*** Begin section ***

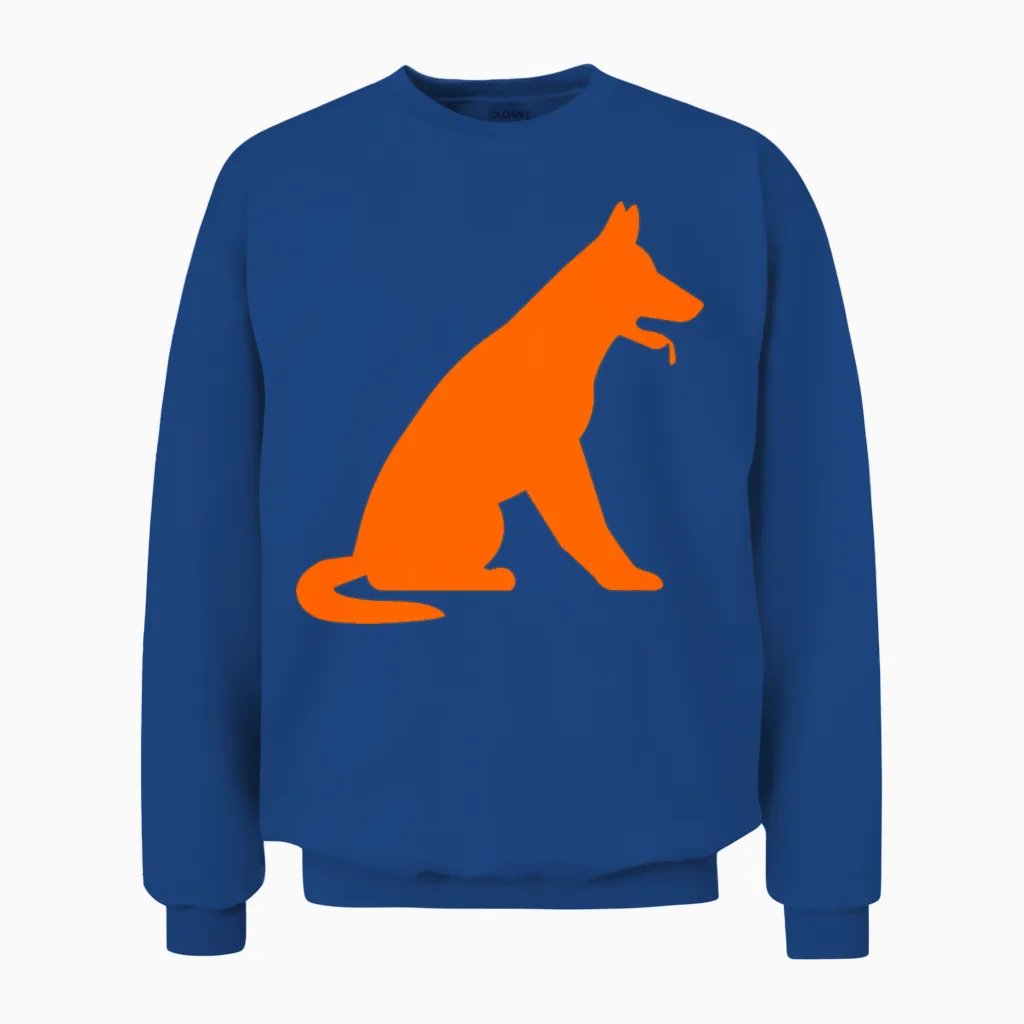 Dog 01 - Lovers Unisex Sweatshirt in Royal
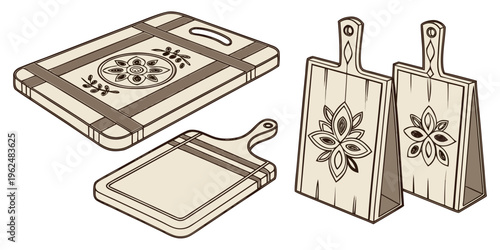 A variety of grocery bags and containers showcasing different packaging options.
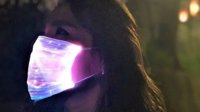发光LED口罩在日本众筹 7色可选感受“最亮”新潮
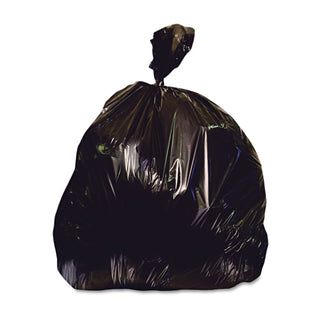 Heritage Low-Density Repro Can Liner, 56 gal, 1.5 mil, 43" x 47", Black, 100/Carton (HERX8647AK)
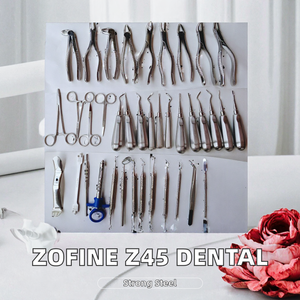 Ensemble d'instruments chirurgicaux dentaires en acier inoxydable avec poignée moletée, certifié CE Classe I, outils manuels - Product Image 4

*** End section ***
*** Begin section ***

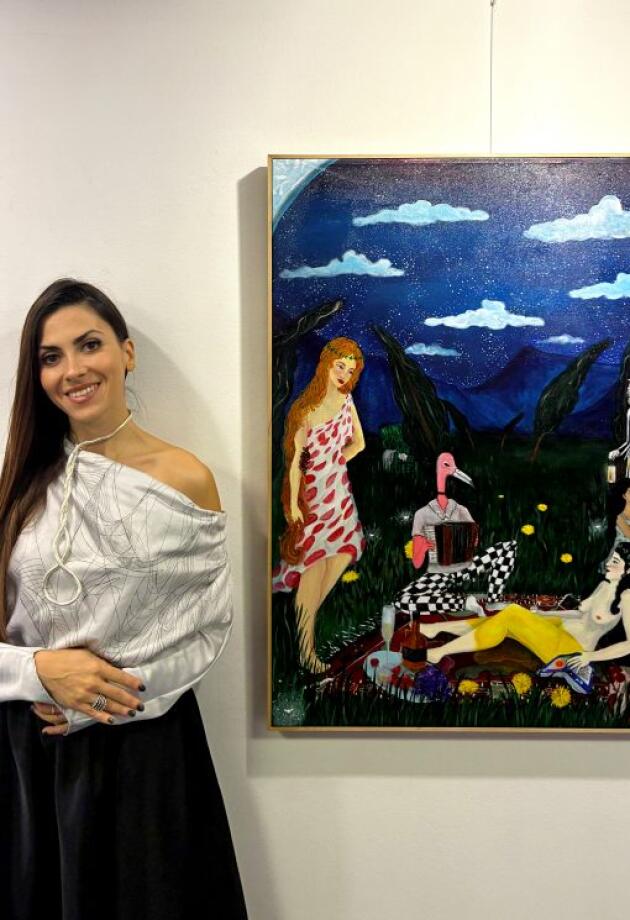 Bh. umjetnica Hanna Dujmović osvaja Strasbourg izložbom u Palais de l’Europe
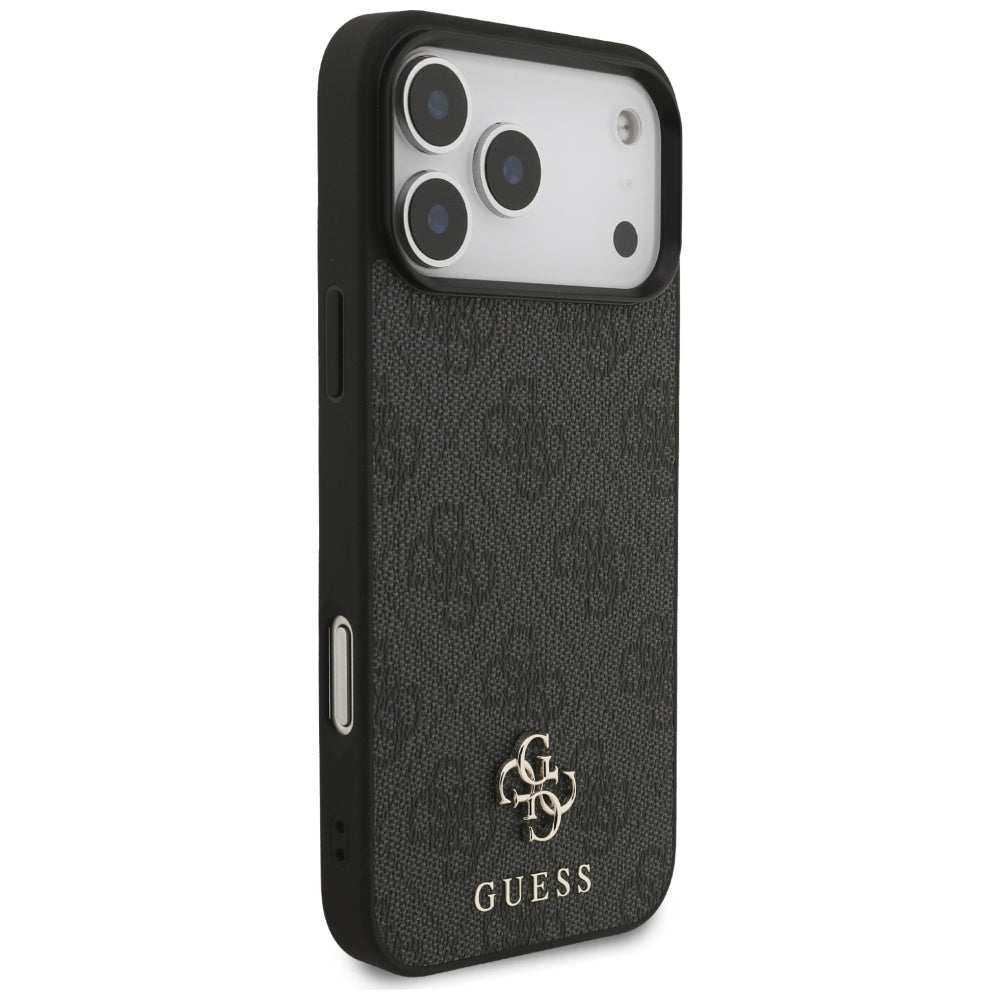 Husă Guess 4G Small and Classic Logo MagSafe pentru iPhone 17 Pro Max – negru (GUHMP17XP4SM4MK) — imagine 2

*** End section ***

▶ [Task item]: Reproduce the data above exactly, but only from the line containing "A variety of" through the line containing "Ensemble d'instruments chirurgicaux". Omit all pictures.

▶ [Task output]:
 A variety of grocery bags and containers showcasing different packaging options.
发光LED口罩在日本众筹 7色可选感受“最亮”新潮
 Heritage Low-Density Repro Can Liner, 56 gal, 1.5 mil, 43" x 47", Black, 100/Carton (HERX8647AK)
 Ensemble d'instruments chirurgicaux dentaires en acier inoxydable avec poignée moletée, certifié CE Classe I, outils manuels - Product Image 4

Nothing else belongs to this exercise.